For the material that follows, return exactly the lines from the one with "Spinozza LP af" through the one with "cygnets HD wallpaper", both ends included.

*Provided data*.
■ ■ ■
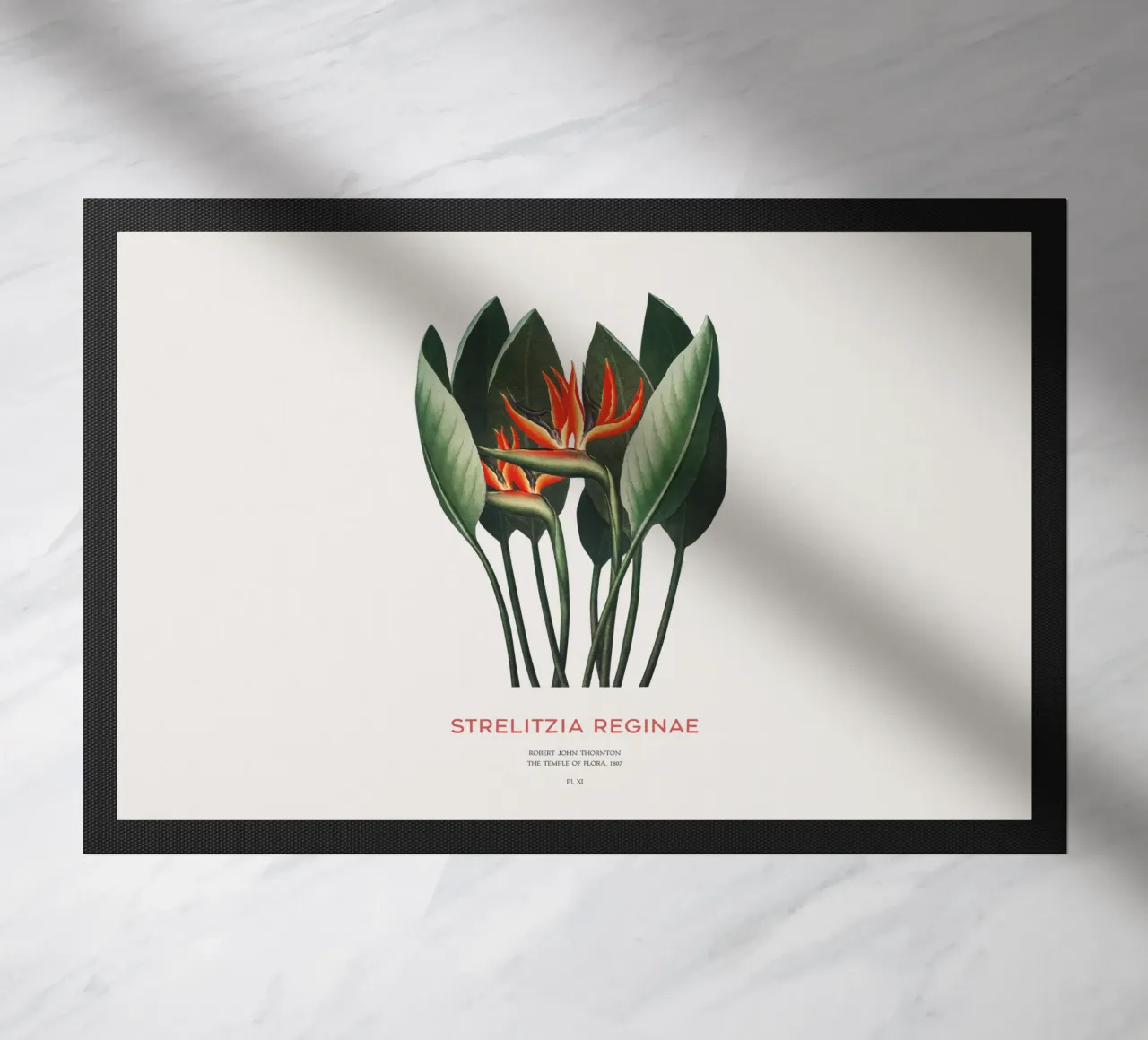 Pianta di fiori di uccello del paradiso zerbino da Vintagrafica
■ ■ ■
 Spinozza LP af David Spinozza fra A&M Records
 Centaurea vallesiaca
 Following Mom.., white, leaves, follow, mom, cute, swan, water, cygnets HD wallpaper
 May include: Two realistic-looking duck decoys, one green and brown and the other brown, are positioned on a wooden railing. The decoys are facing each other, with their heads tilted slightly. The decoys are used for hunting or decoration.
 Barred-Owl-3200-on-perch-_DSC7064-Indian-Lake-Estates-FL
■ ■ ■
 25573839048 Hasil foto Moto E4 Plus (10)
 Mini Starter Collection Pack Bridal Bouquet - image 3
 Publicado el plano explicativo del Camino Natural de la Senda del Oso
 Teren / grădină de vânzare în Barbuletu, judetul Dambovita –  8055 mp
■ ■ ■
*Task answer*.
 Spinozza LP af David Spinozza fra A&M Records
 Centaurea vallesiaca
 Following Mom.., white, leaves, follow, mom, cute, swan, water, cygnets HD wallpaper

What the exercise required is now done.